This week at UNI Global Union’s headquarters in Nyon, Switzerland, UNI Youth held its “Building a Sustainable Future” workshop, which brought together almost 60 young workers and trade unionists from all over the world. Young workers’ voices are crucial and will play a pivotal role in shaping how unions can work together to tackle the climate crisis. 

The workshop was supported by Movetia, the Swiss agency for the promotion of exchanges and mobility. 

Representing 43 unions from 31 countries and 11 different sectors, young workers convened to discuss climate change and its ramifications on their lives and livelihoods.  

“As trade unions, we have a responsibility to fight for the rights of our workers, for collective bargaining, the right to strike, equal rights or environmental rights,” said Marta Ochoa, Head of UNI Youth. “This is no longer just another important issue, but an absolutely urgent one that demands concerted action at all levels.
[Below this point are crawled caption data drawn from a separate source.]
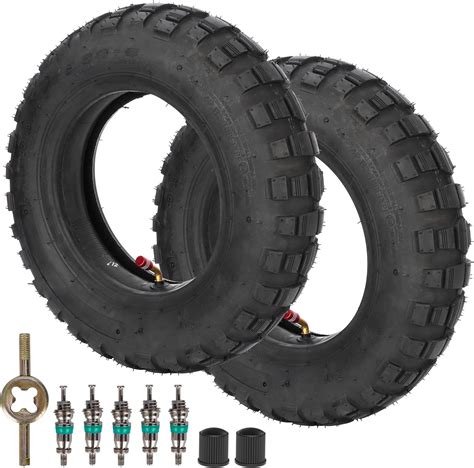 Amazon Rutu Pack Replacement Tire Inner Tube With Tr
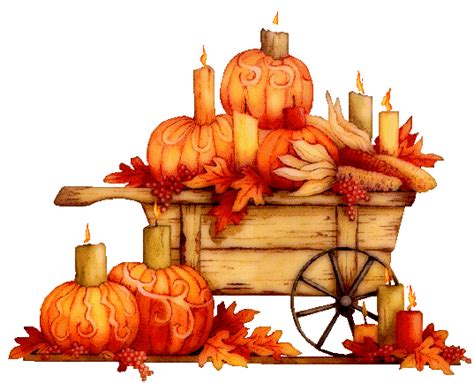 animated autumn images|fall animated clip art.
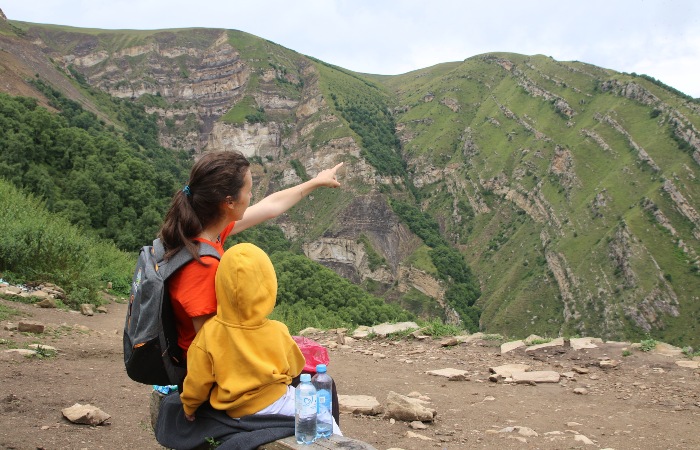 Осенний этап программы туристического кешбэка в России стартовал 25 августа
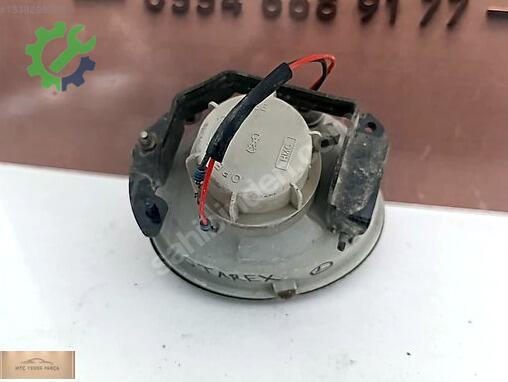 Hyundai Starex Sol Sis Farı 10131980560 çıkma parça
This workshop aimed to empower young workers, equipping them with the tools and knowledge to advocate for a sustainable future. 

Over three days of intense discussions, participants explored how climate change was making an impact globally, regardless of gender, class, age or nationality. 

On the first day of the workshop, participants discussed the fundamentals of climate change – from the profound implications on both natural and human systems, to the impact of climate inaction and the divide between the global north and south. 

The second day focused on the specific impacts of climate change within participants’ respective sectors – from challenges in employment to exploring mitigation and adaptation strategies within workplaces. 

On the final day, attention turned towards actionable steps. 

Participants looked at the UNI Congress resolution adopted in Philadelphia and planned how trade unions can effectively implement measures to translate resolutions into tangible realities.  

After moderating a panel on climate change at UNI’s Philadelphia World Congress, one of the participants at the workshop, Mamadou Ndiaye from Senegal decided to take action in his own country. Mamadou started Ecofit, an initiative that combines fitness and ecological action to tackle plastic waste and pollution in Dakar.  

“What I’m taking away from this workshop is that my sector – the ICT sector – is a sector that pollutes a lot. Even though my company Sonatel has CSR programmes,  we need more,” says Mamadou. “I think we need to push for big picture actions as well as the small actions we are already taking to improve our communities and make a difference. 

“When I get back to Senegal, I will meet our General Secretary who is our direct contact with management, and push to enact and implement some of the lessons I’ve learned here to tackle the climate crisis.” 

As the workshop concluded, participants left inspired and determined to fight for a better and more sustainable future.